§ **Supplied information**
*** Begin section ***
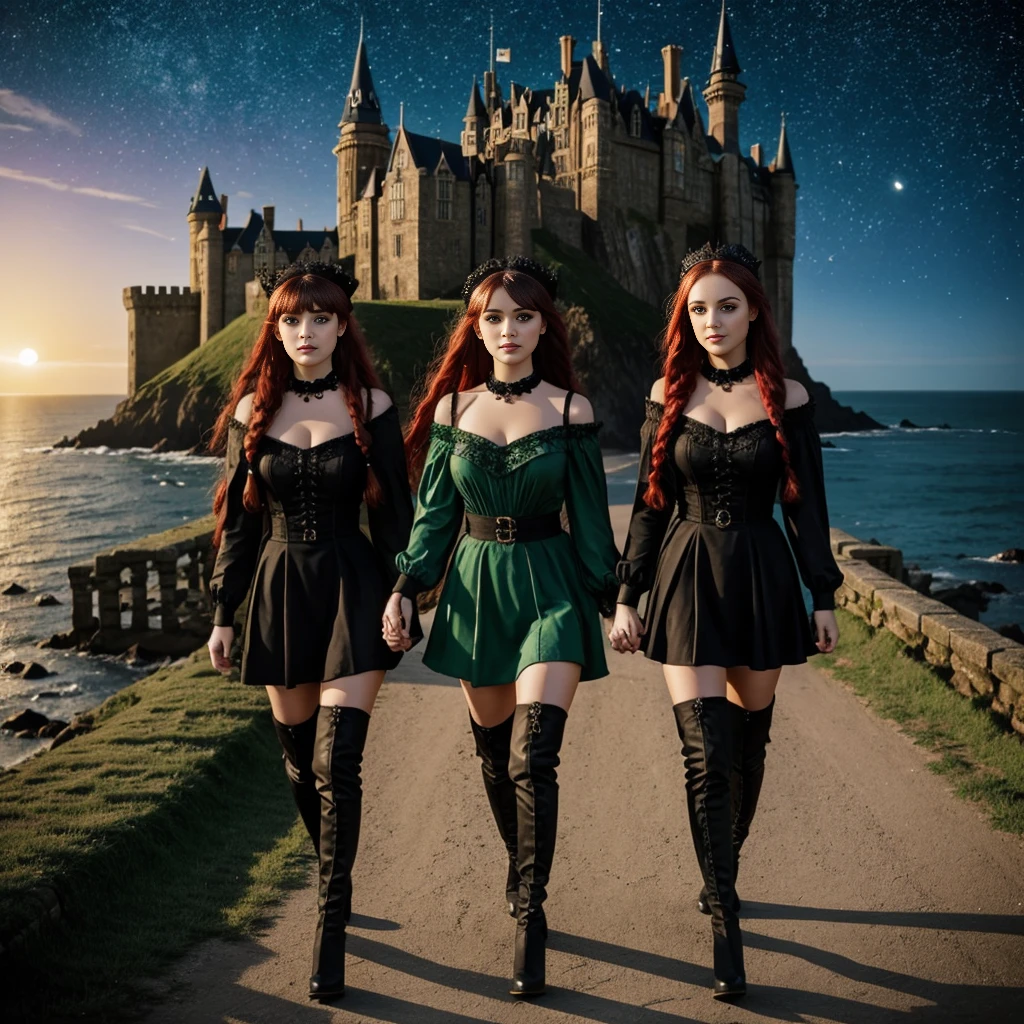 High definition vivid masterpiece,, Cute Goth loli young twin sisters walking, emerald green big doll eyes very detailed and intricate, glowing eyes, eye shadow and eyeliner, elaborate braids, long red hair, elaborate goth loli dress, detailed castle on high cliff overlooking rough ocean in background, night time, shafts of light, full moon, starry sky, playful smiling facial expression, high heeled thigh high boots,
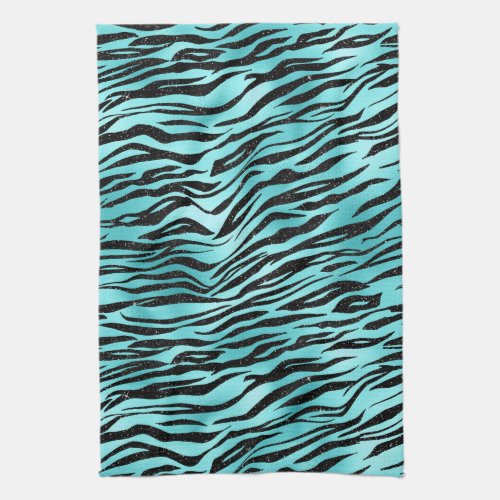 Black Zebra Stripes Animal Print on Turquoise Kitchen Towel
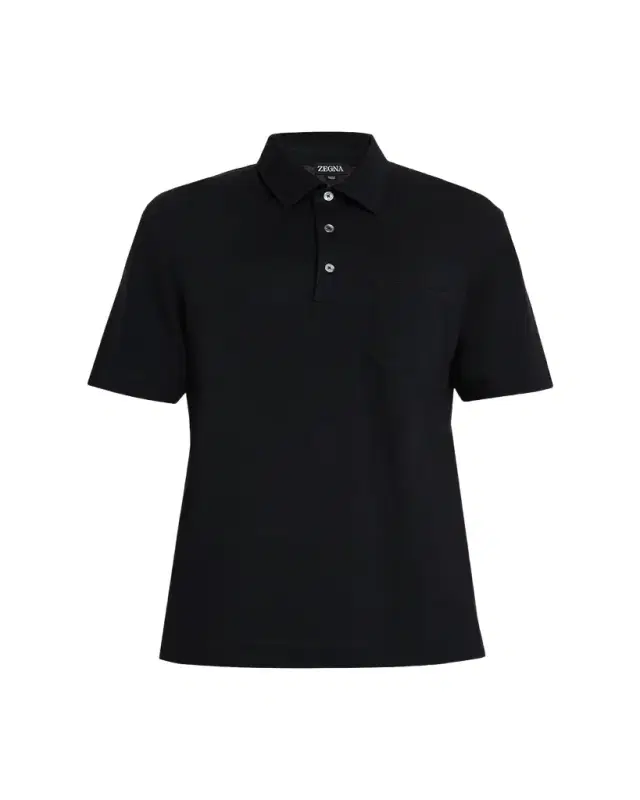 ZEGNA Men's Cotton Polo Shirt with Leather-Trim Pocket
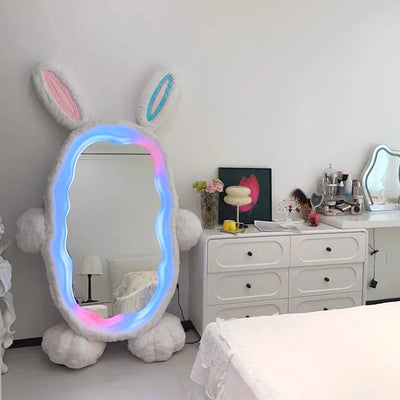 Plush Rabbit Body Mirror with LED Lights | 39" x 75" (100 x 190 cm)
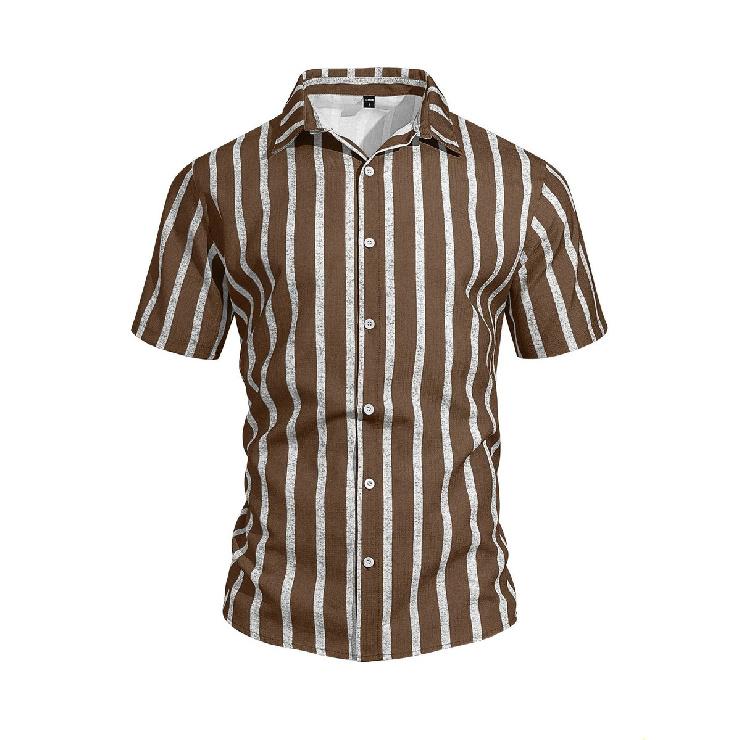2026 summer new lapel striped vacation shirt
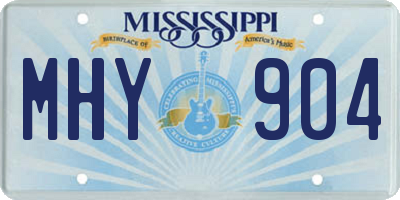 MS license plate MHY904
*** End section ***
§ **Exercise directions**
After locating the line that holds "2026 summer new lapel striped vacation shirt", output exactly the lines from it through the last line of the material above, inclusive, without pictures.

§ **Solution to the problem**
2026 summer new lapel striped vacation shirt
 MS license plate MHY904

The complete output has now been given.